Je me faisais toujours reléguer plus loin aussitôt que j’étais devant. Bref, c’était pas le grand jour et aussi bien d’arrêter d’en parler tout de suite. Je finis vraiment loin en ne disputant pas le sprint.

Je pourrais dire que j’ai fait une grosse semaine de training et que c’est pour ça que les jambes étaient moyennes. Sauf que TOUT LE MONDE a fait une grosse semaine avant Charlevoix. Ça n’a aucun rapport, j’avançais pas, c’est toute. Ça arrive.

Stéphane avançait lui par contre! Première victoire chez les seniors, chapeau! Je suis bien content de voir que ça marche pour lui.

 Il travaille fort depuis novembre dernier. À cette période, j’arrivais dans son sous-sol et il était souvent en train de débâtir son vieu bike à force de faire des intervalles! Il montre qu’il n’est pas aussi indiscipliné que certaines critiques l’ont laissé entendre l’automne dernier mais aussi que son talent ne se limite pas à la piste…

Chapeau à Pierrick et Antoine, qui ont donné toute une leçon de cyclisme au peloton junior en prenant un tour à tous leurs adversaires. En gros, on peut dire que tous mes amis vont vite et que moi, ben… ben c’est ça.

Ce critérium marquait aussi le retour à la compétition de mon pote Frédéric Boivin. Y’a pas trouvé ça facile, mais il a bien aimé l’effort et on était content de le revoir en selle dans une course.

À part ça, j’ai encore rencontré des gens que je ne connais pas qui lisent mon blogue. C’est sûr que maintenant que c’taffaire là s’est rendue sur veloptimum, il y aura plus de lecteurs!

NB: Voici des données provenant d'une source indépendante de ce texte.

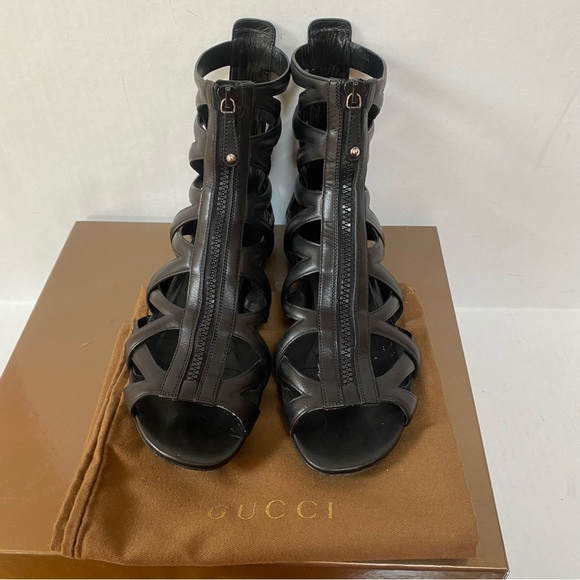 GUCCI WOMEN'S SANDALS GLADIATOR LEATHER ZIP-UPS (GGW2602) Lifford Nero 38.5 - Picture 5 of 13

Incroyable quand même, je commence à être loin de mes premiers articles écris au Tour de l’Abitibi, il y a bientôt deux ans alors que mon seul lecteur était moi-même. Depuis ce temps, j’ai développé un style adapté au blogue (avec quelques fautes volontaires et un français so-so pour rendre le récit plus commun) et semble-t-il que ça pogne. Va quand même falloir que je fasse un peu plus attention à ce que j’écris maintenant, sinon je vais finir par manger le trottoir hoho!

Ce soir, dodo à Québec et entrevue tôt demain à Cap de la Madeleine. On verra ce que ça donnera.